L'apprentie
Plusieurs jours se sont écoulés depuis la visite chez Angélique. Alastor a entendu une conversation téléphonique entre Sarah et cette dernière et, grâce au téléphone fixe qu'ils ont en bas, il a discrètement écouté. Il sait donc qu'Henry chasse le cerf à l’aube et qu’il est posté en lisière de son domaine. Enfin, il voit l’homme à cheval, accompagné de deux chiens de chasse, partir vers la forêt. Alastor le talonne, espérant que les canidés flairent une proie pour passer à l’action. S’il attaque Henry en leur présence, il risque de se faire mordre.
Il n’en a rien dit à Sarah, elle n’a pas besoin de savoir. Angélique est mariée à Henry, elle héritera de son domaine, grand bien lui fasse. Il continue de traquer Henry, les aboiements des chiens s’intensifiant tandis qu’ils ont trouvé ce qu’ils cherchaient. Henry se lance au galop, tout comme Alastor, les pas lourds et déterminés de Jazz résonnant avec fracas, attirant l’attention de l’homme, bien évidemment surpris de voir Alastor sur son domaine. Ce dernier ralentit, prêt à lui râler dessus, jusqu’à ce qu’il voie l’homme attraper son fusil de chasse, tout en affichant un sourire fou, et le pointer avec l’arme.

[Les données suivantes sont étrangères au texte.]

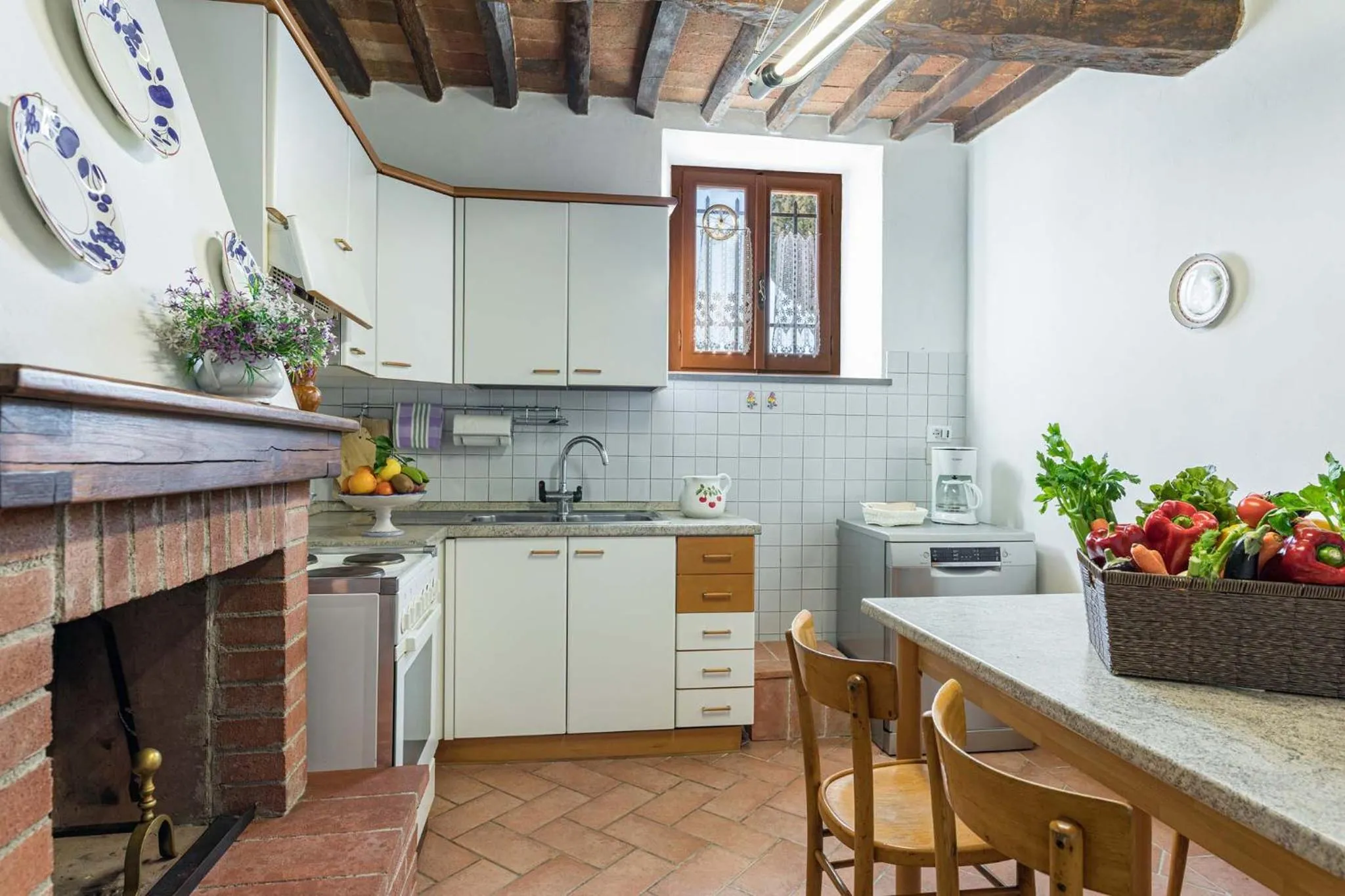 Kitchen or kitchenette in Il Poderino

Henry talonne avec hâte les flancs de sa monture pour la presser, celle-ci se cabrant alors que le tir passe à côté de sa tête. Lors de sa chevauchée, le brun a pu s’en rendre compte : Henry n’est pas un bon cavalier, il a tendance à retomber sur la selle et ne pas suivre correctement l’allure de son cheval. Il tombe du dos de celui-ci tout en levant les mains vers son visage en regardant Alastor.
— Pitié, pourquoi ?
— Pourquoi, jubile Alastor, pour avoir insulté ma mère et ma protégée.

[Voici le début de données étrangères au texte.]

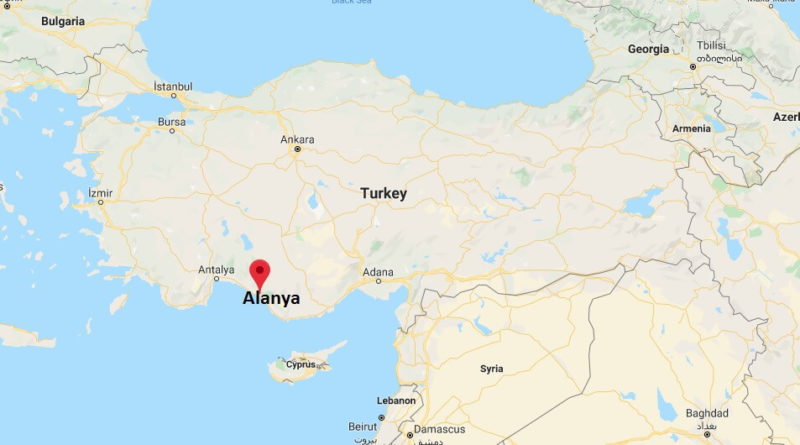 Where is Alanya Located? What Country is Alanya in? Alanya Map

Termine-t-il avec un sourire carnassier alors qu’il appuie sur la détente du fusil, la balle se logeant en pleine tête d’Henry. Alastor ricane, Jazz s’énervant légèrement. Il s’apprête à descendre de son cheval pour aller voir le corps de plus près, mais s’en avise lorsqu’il entend les chiens revenir vers lui. Il talonne Jazz et s’enfuit, le sourire aux lèvres. Personne ne saura que c’est lui de toute manière ! Il lui faut deux bonnes heures pour revenir à l’écurie, déposer Jazz et le fusil, puis il retourne chez lui. Il n’a pas besoin de passer par le garage, ses vêtements n’ont pas été tachés par le sang, mais Alastor ressent un petit manque, la petite récompense qu’il n’a cette fois pas pu prendre à cause des canidés. Il descend dans le petit cellier où il attrape un morceau de viande qu’il a rangé dans des bocaux pour les tenir le plus frais possible, puis s’en repaît sans même cuire le morceau.

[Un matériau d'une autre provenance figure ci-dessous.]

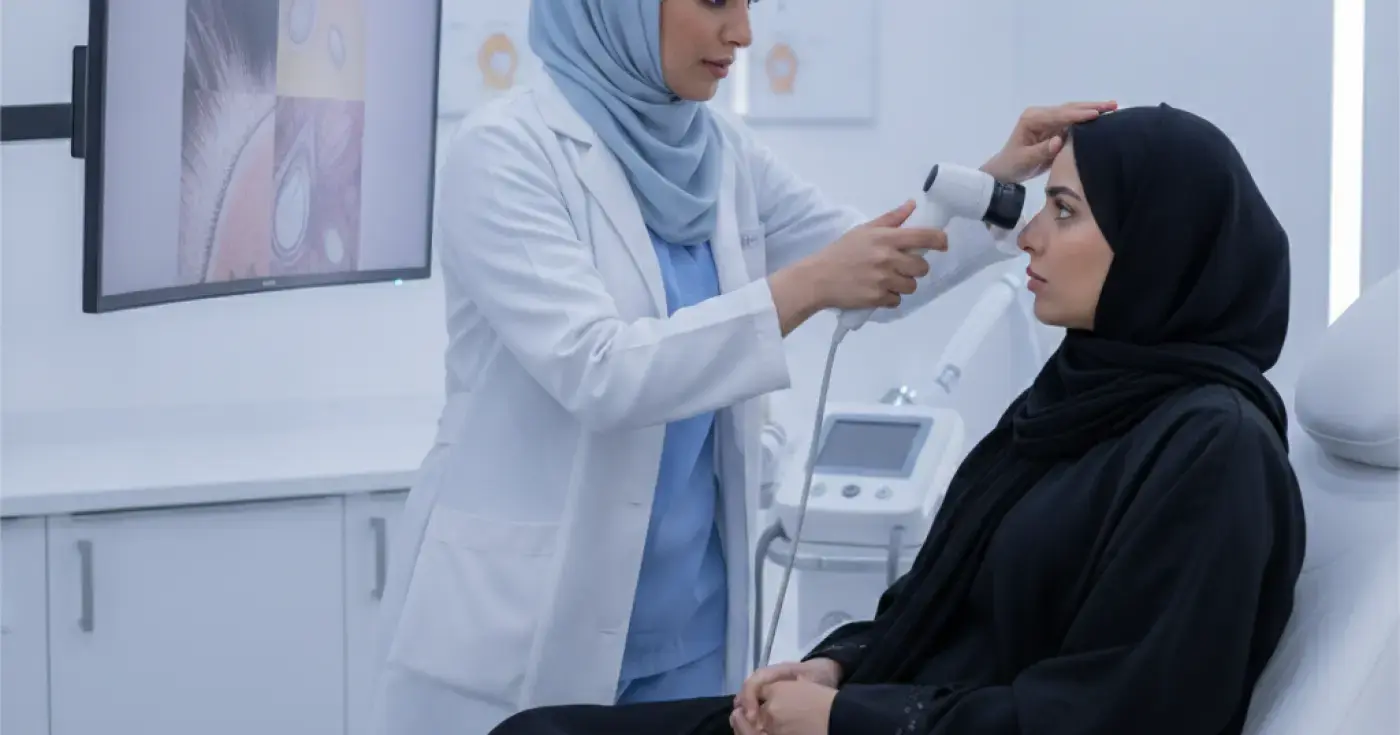 علاج فراغات الشعر: الأسباب وأفضل الحلول المتاحة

Son regard lumineux plus que jamais luit dans le noir, son regard encore plus fou et ses envies de plus en plus fréquentes… Son repas macabre fini, il revient vers la maison, plissant soudainement les yeux alors qu’il se tourne vers la buanderie. Qui joue du violon ? Il penche la tête et y entre, surprenant Sarah, qui s’arrête de ce fait, surprise par l’arrivée de l’homme.
— Tu as ressorti ton violon ? C’est bien, déclare Alastor.
— Cela fait un moment, mais je m’arrange toujours pour ne pas être surprise, explique Sarah.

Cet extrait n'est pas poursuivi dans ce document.